===== TASK DATA =====

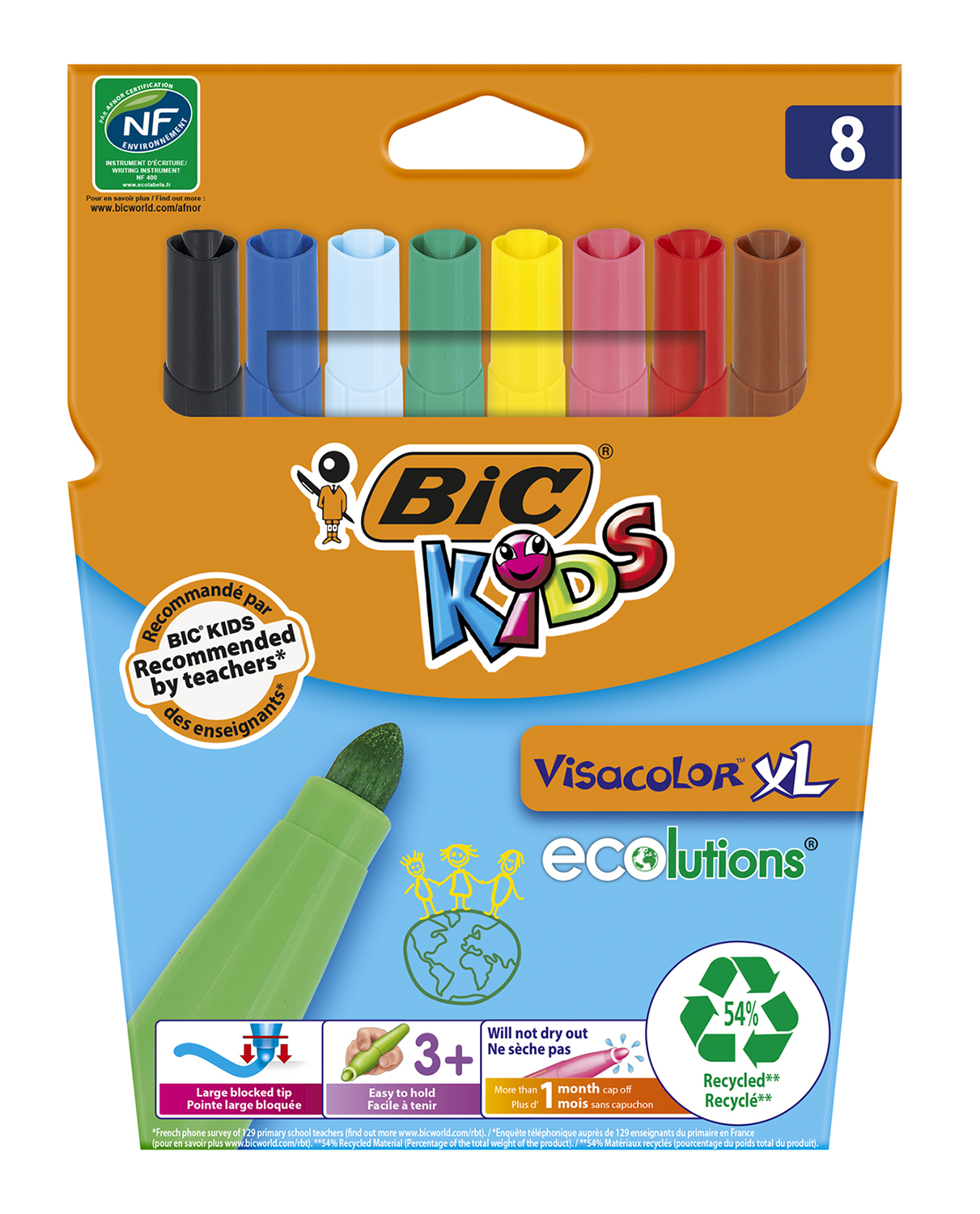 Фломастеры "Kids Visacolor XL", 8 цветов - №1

=====
===== TASK DATA =====

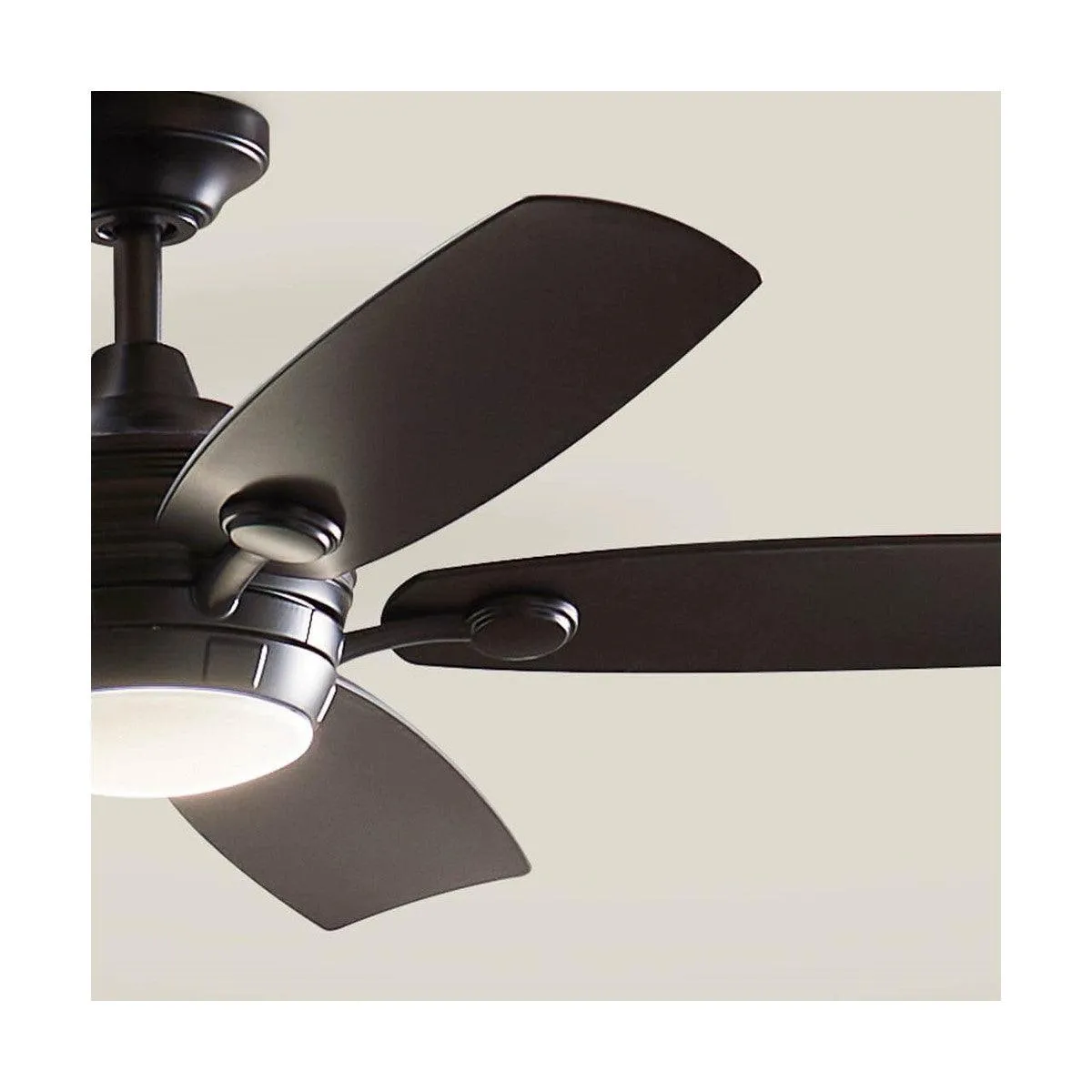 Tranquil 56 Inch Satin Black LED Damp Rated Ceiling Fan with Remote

=====
===== TASK DATA =====

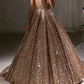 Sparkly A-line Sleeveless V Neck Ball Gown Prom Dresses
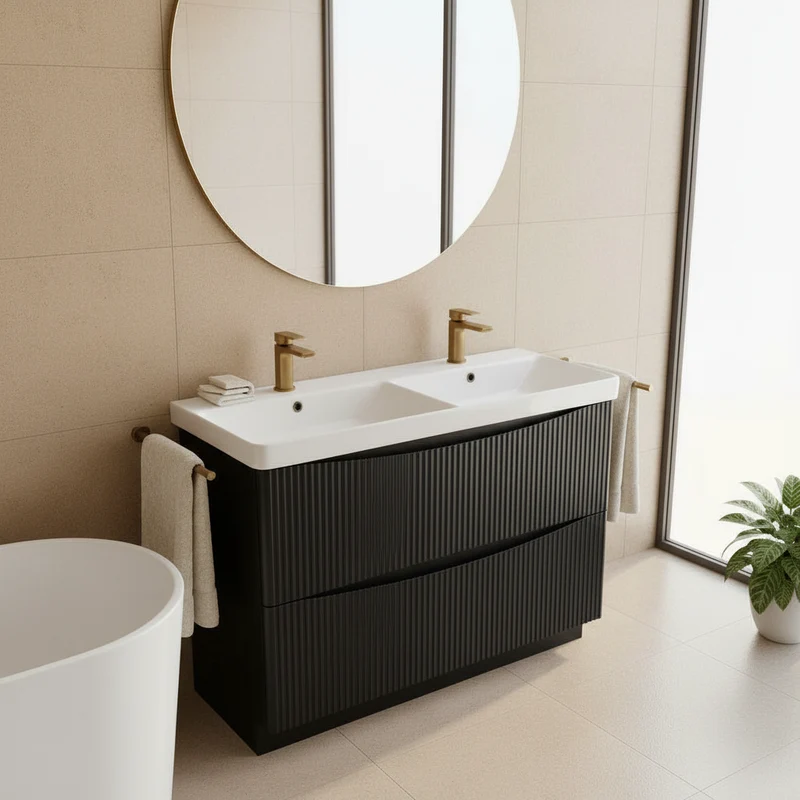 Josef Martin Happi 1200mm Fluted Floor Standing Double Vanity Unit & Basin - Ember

=====

GOAL OF THE EXERCISE
Would you please repeat only the lines above, beginning at the one that has "Sparkly A-line Sleeveless" and stopping after the one that has "Josef Martin Happi", exactly and with no pictures?

RESPONSE
 Sparkly A-line Sleeveless V Neck Ball Gown Prom Dresses
 Josef Martin Happi 1200mm Fluted Floor Standing Double Vanity Unit & Basin - Ember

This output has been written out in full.